*** Opening of DATA PROVIDED ***
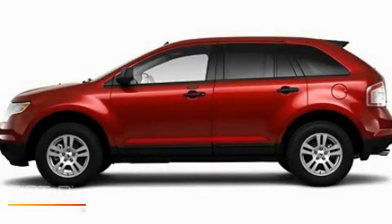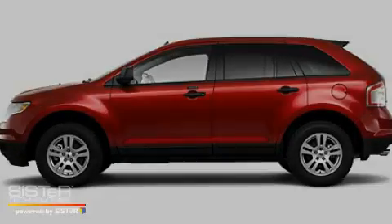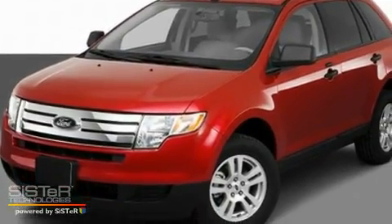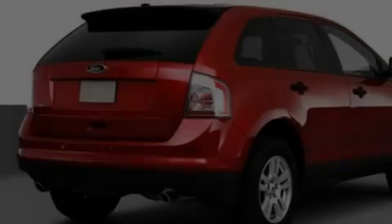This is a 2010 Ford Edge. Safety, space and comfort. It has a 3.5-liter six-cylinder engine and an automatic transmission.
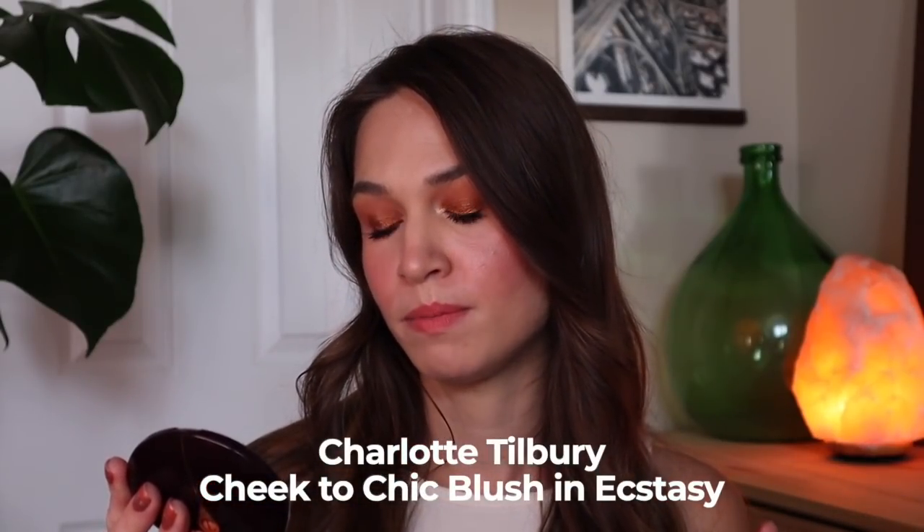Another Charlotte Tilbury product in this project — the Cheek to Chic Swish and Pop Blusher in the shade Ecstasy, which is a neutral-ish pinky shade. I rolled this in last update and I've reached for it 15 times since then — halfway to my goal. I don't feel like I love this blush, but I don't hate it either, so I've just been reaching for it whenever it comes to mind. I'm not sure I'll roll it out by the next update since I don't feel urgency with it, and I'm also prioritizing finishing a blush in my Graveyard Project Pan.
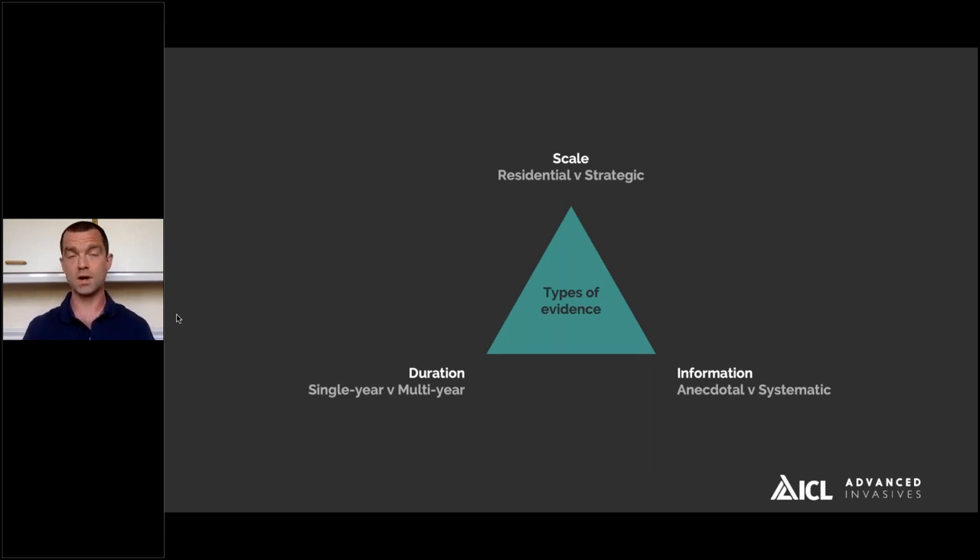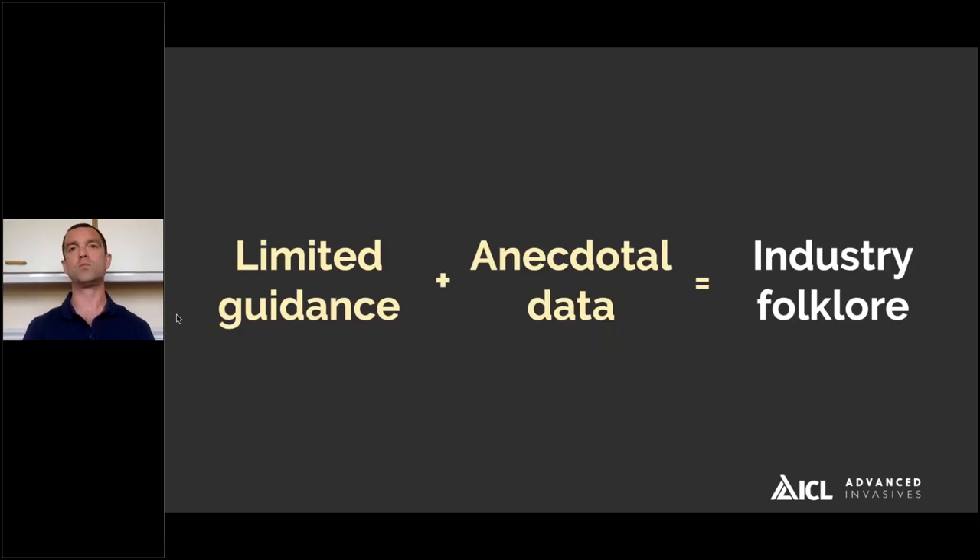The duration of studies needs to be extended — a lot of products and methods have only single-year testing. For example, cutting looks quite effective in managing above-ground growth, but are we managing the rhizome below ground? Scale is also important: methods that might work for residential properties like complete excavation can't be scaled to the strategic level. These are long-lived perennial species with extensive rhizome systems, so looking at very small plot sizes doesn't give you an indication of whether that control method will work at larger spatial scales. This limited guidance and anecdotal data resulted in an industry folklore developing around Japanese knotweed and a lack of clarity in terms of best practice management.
*** Close of DATA PROVIDED ***
*WORK INSTRUCTION*
Copy the data word for word and omit every picture.

*SOLUTION TO THIS TASK*
This is a 2010 Ford Edge. Safety, space and comfort. It has a 3.5-liter six-cylinder engine and an automatic transmission.
Another Charlotte Tilbury product in this project — the Cheek to Chic Swish and Pop Blusher in the shade Ecstasy, which is a neutral-ish pinky shade. I rolled this in last update and I've reached for it 15 times since then — halfway to my goal. I don't feel like I love this blush, but I don't hate it either, so I've just been reaching for it whenever it comes to mind. I'm not sure I'll roll it out by the next update since I don't feel urgency with it, and I'm also prioritizing finishing a blush in my Graveyard Project Pan.
The duration of studies needs to be extended — a lot of products and methods have only single-year testing. For example, cutting looks quite effective in managing above-ground growth, but are we managing the rhizome below ground? Scale is also important: methods that might work for residential properties like complete excavation can't be scaled to the strategic level. These are long-lived perennial species with extensive rhizome systems, so looking at very small plot sizes doesn't give you an indication of whether that control method will work at larger spatial scales. This limited guidance and anecdotal data resulted in an industry folklore developing around Japanese knotweed and a lack of clarity in terms of best practice management.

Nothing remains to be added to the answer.